Tariffs are finally in play on cheap solar imports from Asia after a two-year moratorium on the restrictions expired on Thursday.
The renewal of these taxes, which target Chinese-affiliated solar products exported from Southeast Asia, is an early step in leveling the playing field for US manufacturers, one analyst told Business Insider.
The end of the moratorium should ease price volatility, bringing "a level of stability to the marketplace that, frankly, it's good for developers, it's good for producers, it's good for everybody," Mike Carr, executive director of the Solar Energy Manufacturers of America, said.
In 2023, the Department of Commerce determined that Chinese solar was making its way into the US duty-free, despite tariffs on imports from the country. Instead, Chinese producers would route their modules through Southeast Asia, which traded freely with the US.
To close the loophole, the department issued tariffs on these regions as well. But their impact has never been felt, given a pre-emptive pause on the legislation, which just expired.
Behind the tariff moratorium were White House concerns that the restrictions could hinder US energy transition, as domestic solar production was still nascent.
But this gave way to a flood of cheap imports, causing solar prices to crater last year.
In Carr's telling, that's because Southeast Asian producers never stopped manufacturing despite pausing trade during the department's investigation. Once the pause on tariffs took effect, the region unloaded, causing the massive supply glut.
"The level of imports far exceeded what was happening before the moratorium was put in place, and it just absolutely flooded our markets as well to an unprecedented level," Carr said. "And so when that happened, that created just massive uncertainty around pricing going forward in our market, as prices continued to fall. And so it did have an effect of killing some of the investment."
In one extreme, the oversupply of solar panels cause global pricing to drop by half last year, with China driving the flood of supply.

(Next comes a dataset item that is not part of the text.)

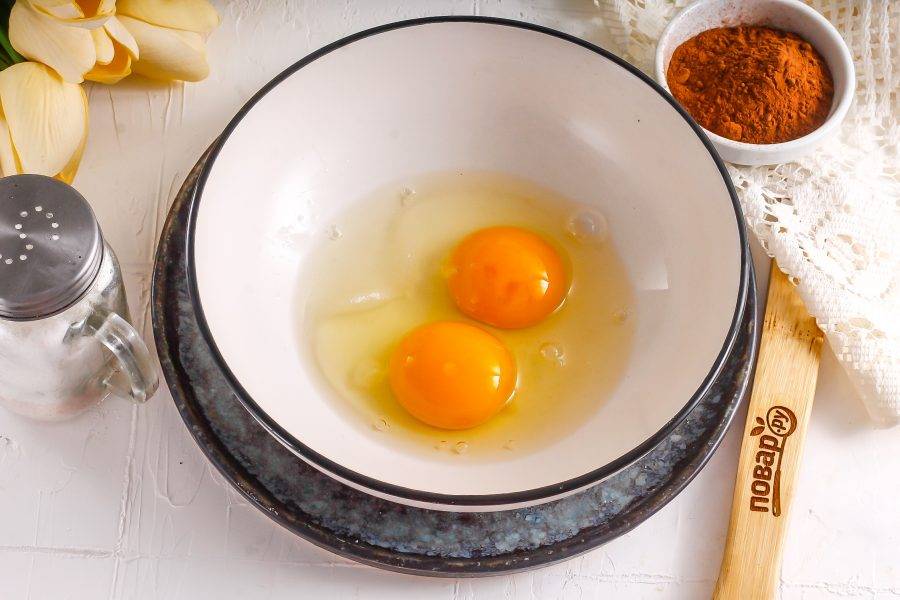 Вбейте в глубокую емкость пару куриных яиц, всыпьте щепотку соли и подсластитель. Взбейте примерно 1-2 минуты.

Meanwhile, solar shipments from Southeast Asian producers have not slowed, and accounted for 87.5% of US module imports in the first quarter, S&P Global said.
The tariffs could eventually bring upside for US producers, and Carr indicates that a 25%-30% price correction for solar modules could materialize.
However, he emphasized that pricing isn't a leading driver of solar deployment, and analysts should not focus too much on prices to measure the industry's performance.
Instead, the tariffs could succeed in calming volatility in the market and bringing back needed investment in the space, he said.
At the same time, there are other positives for the domestic industry to look forward to, David Feldman of the National Renewable Energy Laboratory told BI. The market could soon see further guidance on tax credits related to the Inflation Reduction Act and trade adjustments to boost US competition.
Since the the moratorium was lifted on Thursday, two major Chinese solar companies announced suspensions in Southeast Asian facilities, Reuters reported, as analysts expect import volumes to slow.
Meanwhile, US producers are calling for more protections, with a coalition of manufacturers petitioning the Commerce Department to impose more tariffs.